Repeat exactly the lines of the records below, starting at the line containing "a patio with" and ending at the line containing "Two children play". Leave the pictures out.

(Pictures with short captions)
Segment Open

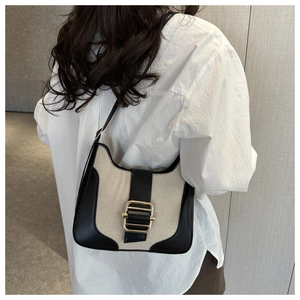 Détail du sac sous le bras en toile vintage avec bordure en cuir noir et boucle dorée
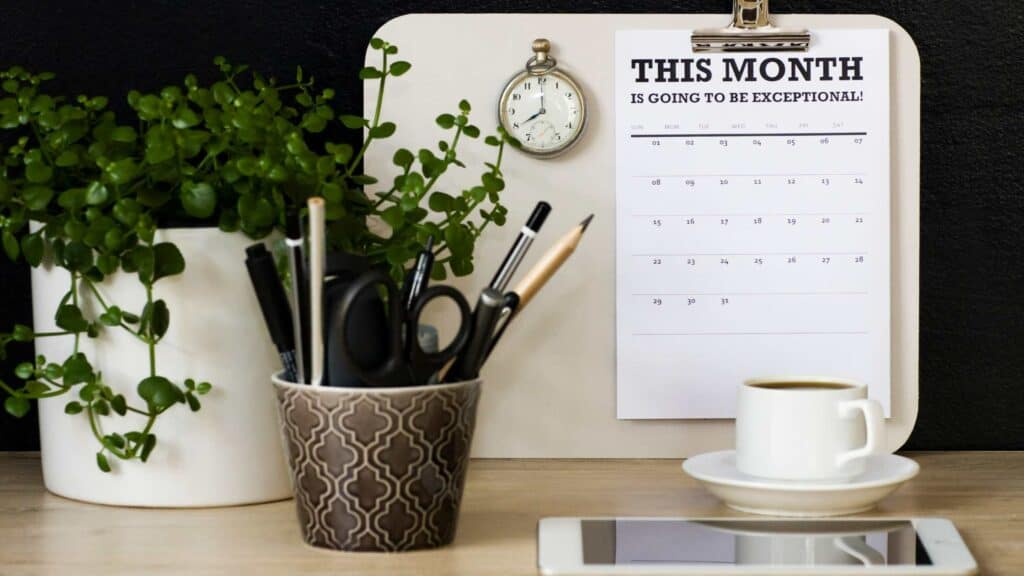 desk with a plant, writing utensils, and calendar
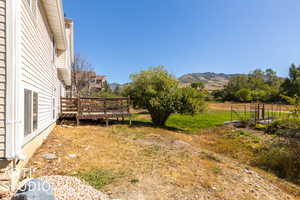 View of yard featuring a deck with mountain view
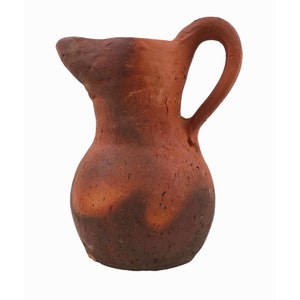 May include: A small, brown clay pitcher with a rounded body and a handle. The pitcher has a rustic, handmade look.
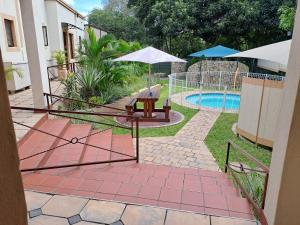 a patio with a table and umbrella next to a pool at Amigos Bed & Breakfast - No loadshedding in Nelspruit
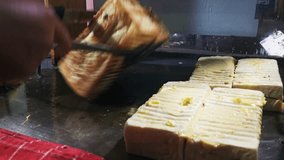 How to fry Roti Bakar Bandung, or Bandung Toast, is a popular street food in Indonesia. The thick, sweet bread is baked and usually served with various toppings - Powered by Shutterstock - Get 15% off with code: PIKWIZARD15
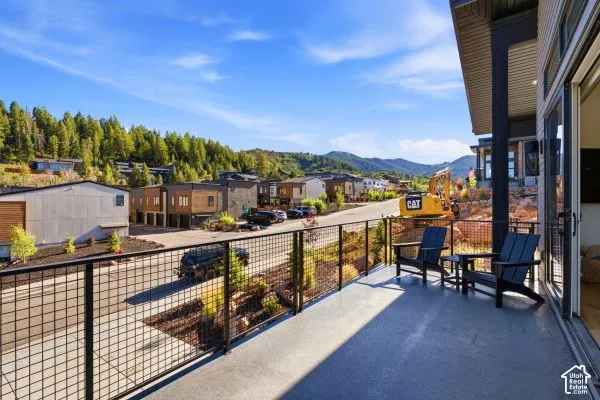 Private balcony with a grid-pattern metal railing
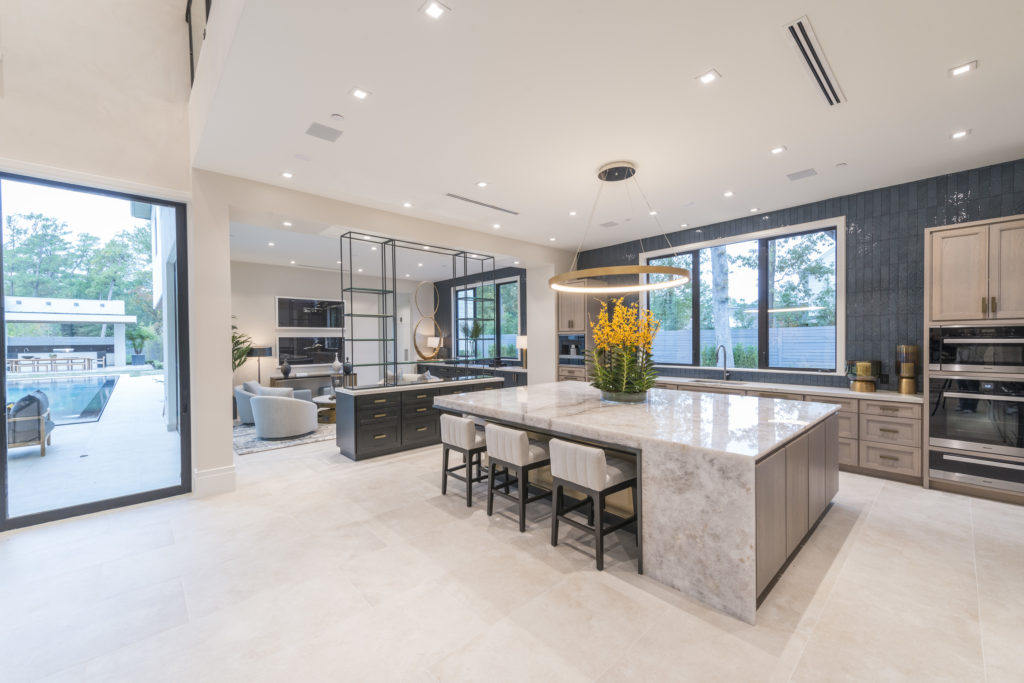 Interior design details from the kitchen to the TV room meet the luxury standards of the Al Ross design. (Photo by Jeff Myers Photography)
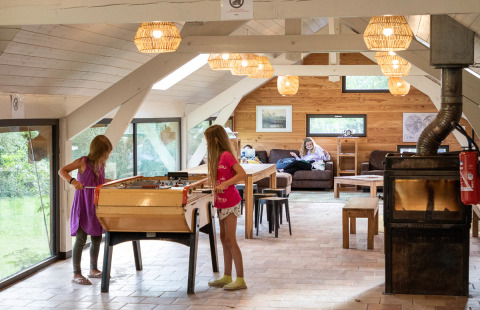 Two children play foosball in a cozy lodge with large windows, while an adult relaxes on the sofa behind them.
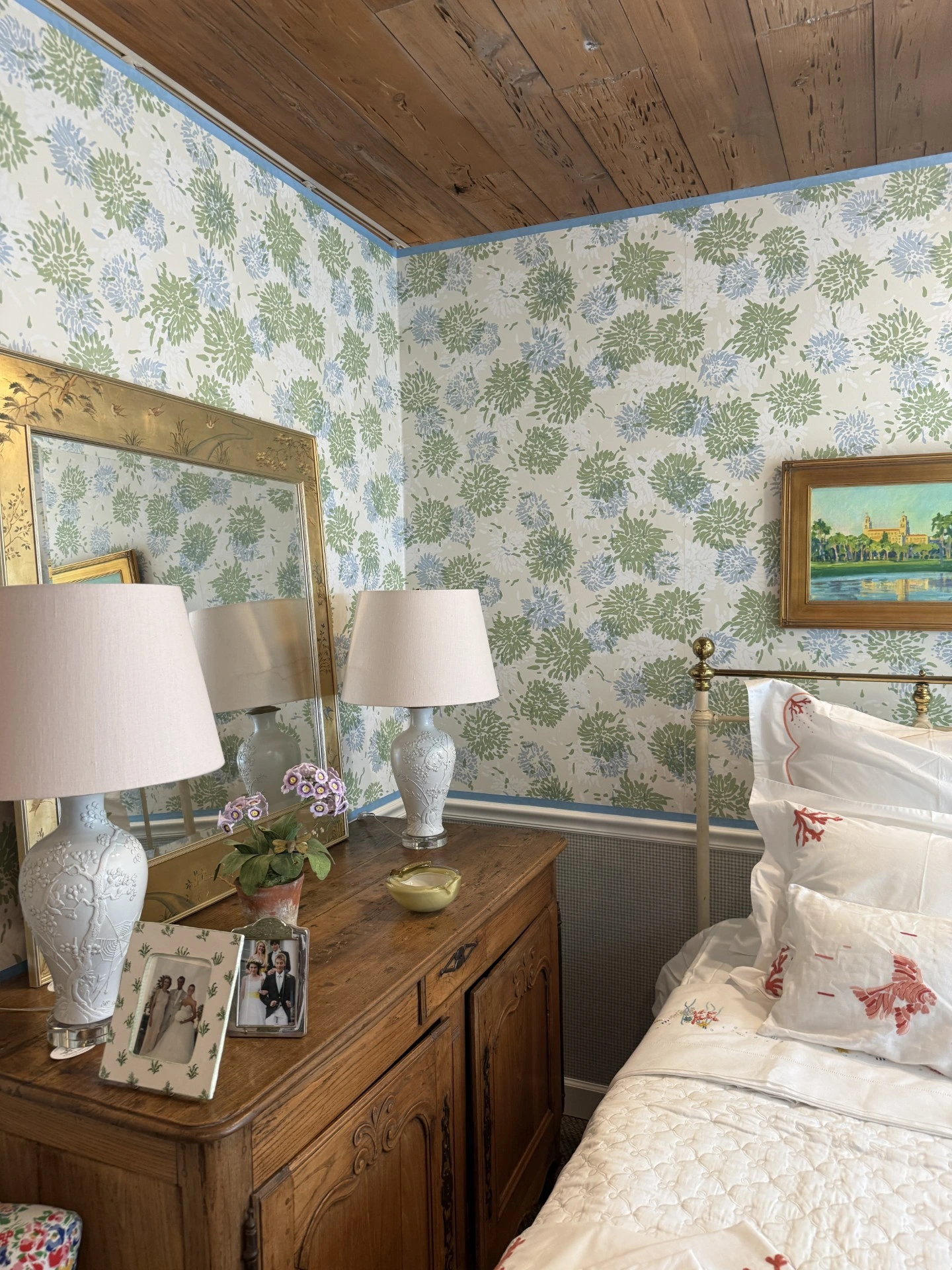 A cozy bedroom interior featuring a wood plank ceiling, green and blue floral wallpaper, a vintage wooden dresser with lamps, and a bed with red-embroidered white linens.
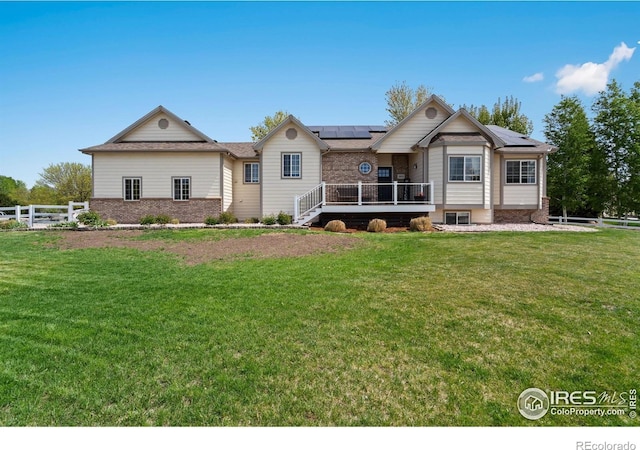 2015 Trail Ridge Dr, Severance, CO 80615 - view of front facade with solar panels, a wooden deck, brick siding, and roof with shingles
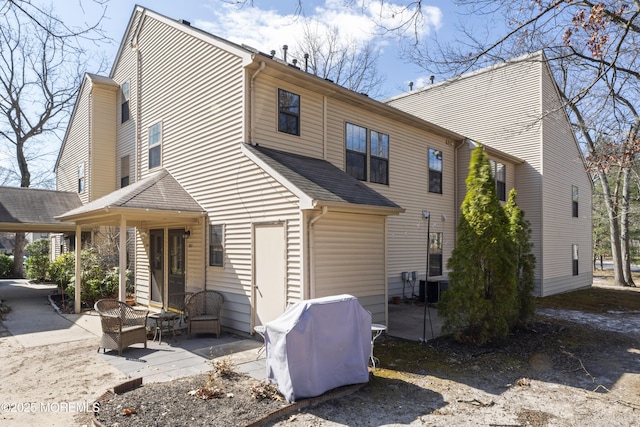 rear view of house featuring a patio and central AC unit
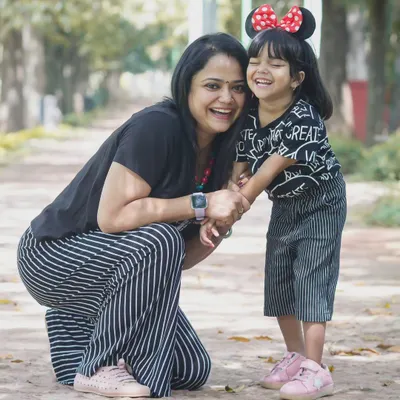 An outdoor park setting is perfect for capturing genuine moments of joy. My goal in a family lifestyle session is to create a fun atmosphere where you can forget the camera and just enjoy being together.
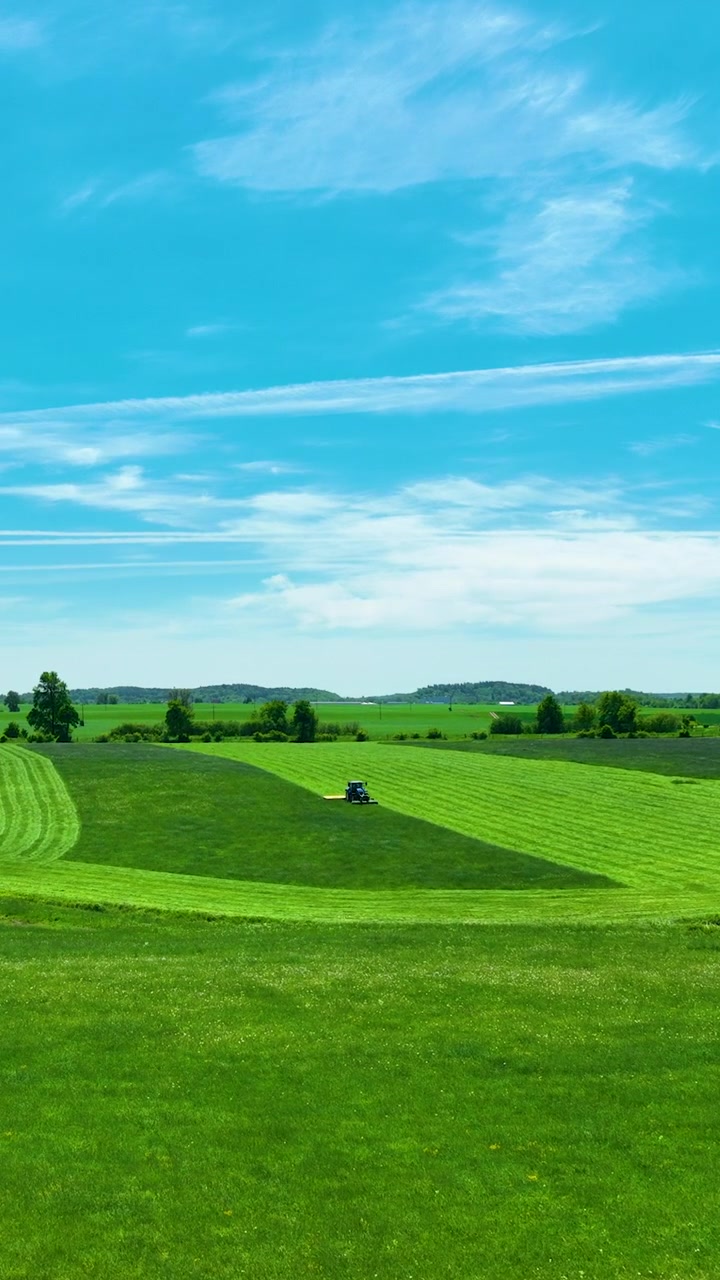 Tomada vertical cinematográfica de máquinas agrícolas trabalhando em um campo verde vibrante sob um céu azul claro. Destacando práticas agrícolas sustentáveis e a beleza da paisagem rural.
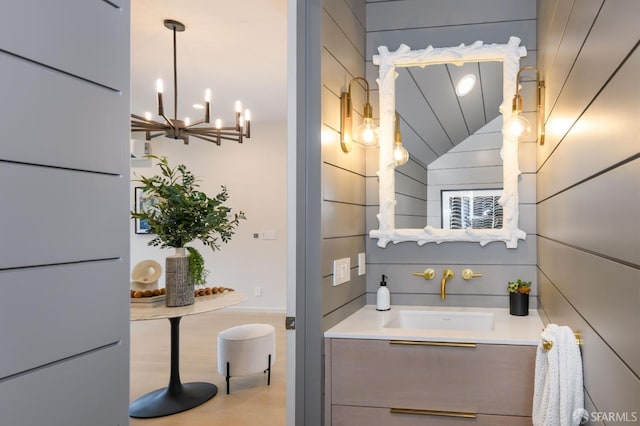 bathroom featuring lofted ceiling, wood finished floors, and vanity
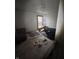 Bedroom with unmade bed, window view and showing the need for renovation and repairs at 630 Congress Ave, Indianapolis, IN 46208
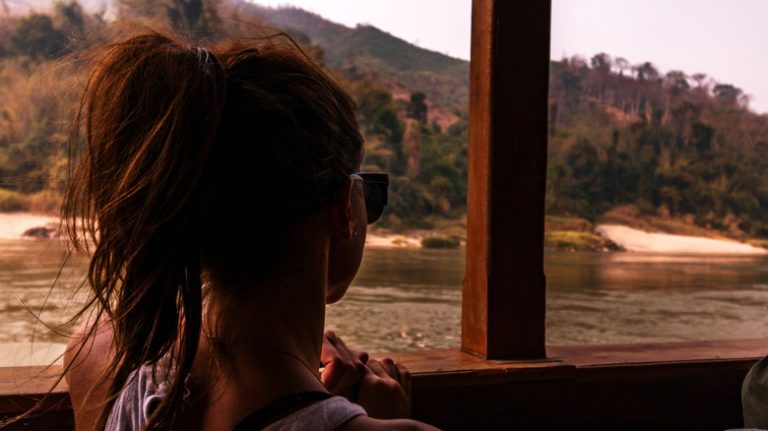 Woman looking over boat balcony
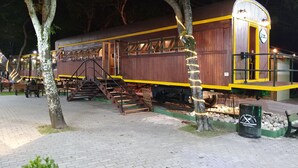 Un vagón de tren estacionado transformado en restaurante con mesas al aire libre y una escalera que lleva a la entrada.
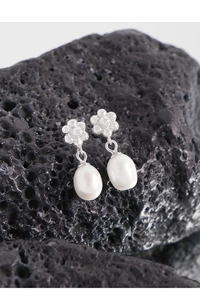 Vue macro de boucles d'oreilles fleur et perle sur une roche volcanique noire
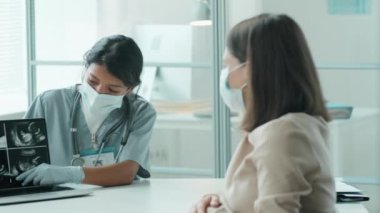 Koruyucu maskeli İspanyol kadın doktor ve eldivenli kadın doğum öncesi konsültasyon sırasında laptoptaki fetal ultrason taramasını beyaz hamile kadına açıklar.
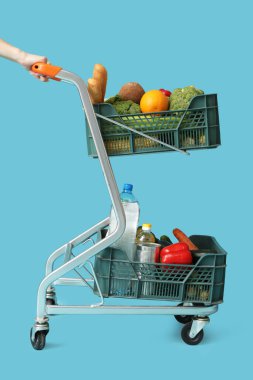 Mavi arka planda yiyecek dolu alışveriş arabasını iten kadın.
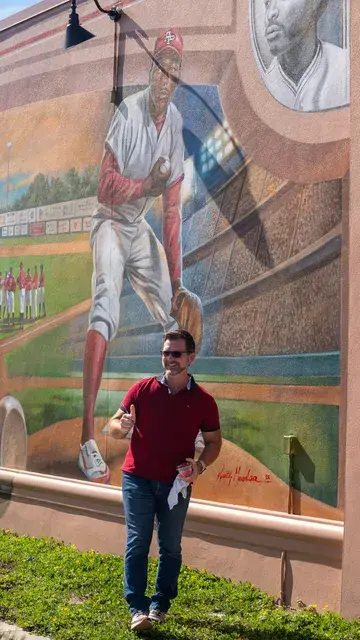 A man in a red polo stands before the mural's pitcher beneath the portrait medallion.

Segment Closed

The completed task —
 a patio with a table and umbrella next to a pool at Amigos Bed & Breakfast - No loadshedding in Nelspruit
 How to fry Roti Bakar Bandung, or Bandung Toast, is a popular street food in Indonesia. The thick, sweet bread is baked and usually served with various toppings - Powered by Shutterstock - Get 15% off with code: PIKWIZARD15
 Private balcony with a grid-pattern metal railing
 Interior design details from the kitchen to the TV room meet the luxury standards of the Al Ross design. (Photo by Jeff Myers Photography)
 Two children play foosball in a cozy lodge with large windows, while an adult relaxes on the sofa behind them.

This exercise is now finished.